Germany would not be Germany if the anti-nuclear power movement had not existed. It is one of the most influential social movements after the Second World War – at a time marked by fear of the global nuclear conflict and the possible consequences of nuclear war. It reaches far beyond the German borders.

However,what does the anti-nuclear movement have to do with us, with a company that makes biocompatible and eco-compatible detergents? At first glance nothing. The story of Almacabio begins in fact in the city of Ulm, in Bavaria, thanks to three students named Alfred, Marga and Carin. Sharing common interests in chemistry, design and economics the three decide to produce ecological detergents during the occupation of construction site of a nuclear power plant.

At that time, eco-friendly detergents hardly exist and this cutting-edge experiment is perfectly coherent with the climate in which the German anti-nuclear power movement develops, the latter being one of the strongest and longest of its kind in the world. It starts in fact in 1977 and lasts, between highs and lows, until 2011. Its main characteristic is its power of persuasion and the power to mobilize people around its cause.

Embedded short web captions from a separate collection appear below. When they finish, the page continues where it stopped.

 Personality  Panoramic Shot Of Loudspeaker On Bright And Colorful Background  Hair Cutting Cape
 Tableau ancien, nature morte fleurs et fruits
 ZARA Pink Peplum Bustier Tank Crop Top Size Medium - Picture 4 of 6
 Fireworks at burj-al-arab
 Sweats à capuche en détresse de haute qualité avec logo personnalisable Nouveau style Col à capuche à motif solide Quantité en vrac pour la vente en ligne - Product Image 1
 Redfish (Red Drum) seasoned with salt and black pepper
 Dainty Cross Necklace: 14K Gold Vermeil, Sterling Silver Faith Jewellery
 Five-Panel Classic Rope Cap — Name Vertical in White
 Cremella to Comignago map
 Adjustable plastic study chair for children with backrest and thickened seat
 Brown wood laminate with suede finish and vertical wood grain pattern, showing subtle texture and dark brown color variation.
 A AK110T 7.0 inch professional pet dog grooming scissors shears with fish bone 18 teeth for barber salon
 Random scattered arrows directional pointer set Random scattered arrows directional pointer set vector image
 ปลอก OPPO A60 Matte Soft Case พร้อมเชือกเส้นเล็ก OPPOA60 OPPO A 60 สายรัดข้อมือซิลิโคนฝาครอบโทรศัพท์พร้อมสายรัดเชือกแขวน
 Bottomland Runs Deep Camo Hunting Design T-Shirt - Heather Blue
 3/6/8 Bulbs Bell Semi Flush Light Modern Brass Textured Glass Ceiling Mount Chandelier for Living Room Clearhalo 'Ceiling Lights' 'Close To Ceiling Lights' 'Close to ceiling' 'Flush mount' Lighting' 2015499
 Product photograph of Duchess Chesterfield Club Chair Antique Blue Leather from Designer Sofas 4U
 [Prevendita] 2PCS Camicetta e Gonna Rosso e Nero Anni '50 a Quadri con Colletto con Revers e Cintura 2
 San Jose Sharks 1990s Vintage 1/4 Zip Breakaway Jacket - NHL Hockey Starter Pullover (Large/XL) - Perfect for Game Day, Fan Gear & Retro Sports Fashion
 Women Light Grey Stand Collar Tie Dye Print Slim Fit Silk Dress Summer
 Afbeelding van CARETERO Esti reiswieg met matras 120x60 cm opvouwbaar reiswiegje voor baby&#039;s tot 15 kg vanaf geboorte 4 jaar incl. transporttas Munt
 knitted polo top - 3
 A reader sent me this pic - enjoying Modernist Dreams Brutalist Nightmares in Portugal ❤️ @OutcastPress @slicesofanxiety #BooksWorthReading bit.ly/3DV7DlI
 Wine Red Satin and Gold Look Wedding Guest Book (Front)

This can be seen already in 1977 at the first “mobilization” of the movement – the protest against the nuclear waste repository Gorleben. First, it is only locals against the repository, 20,000 people march to protest against the plans of the federal government. Only two years later, it is already100,000 people marching from Gorleben to Hanover. Students, teachers, civil servants, farmers. The movement goes across all social layers and across the whole republic. What’s more, it gets the ball rolling internationally as well. More and more Western European countries are protesting against nuclear power plants and the horrors of nuclear war.

It is this mixture of utopia, commitment and environmental awareness of the anti-nuclear power movement of 40 years ago our company is based on.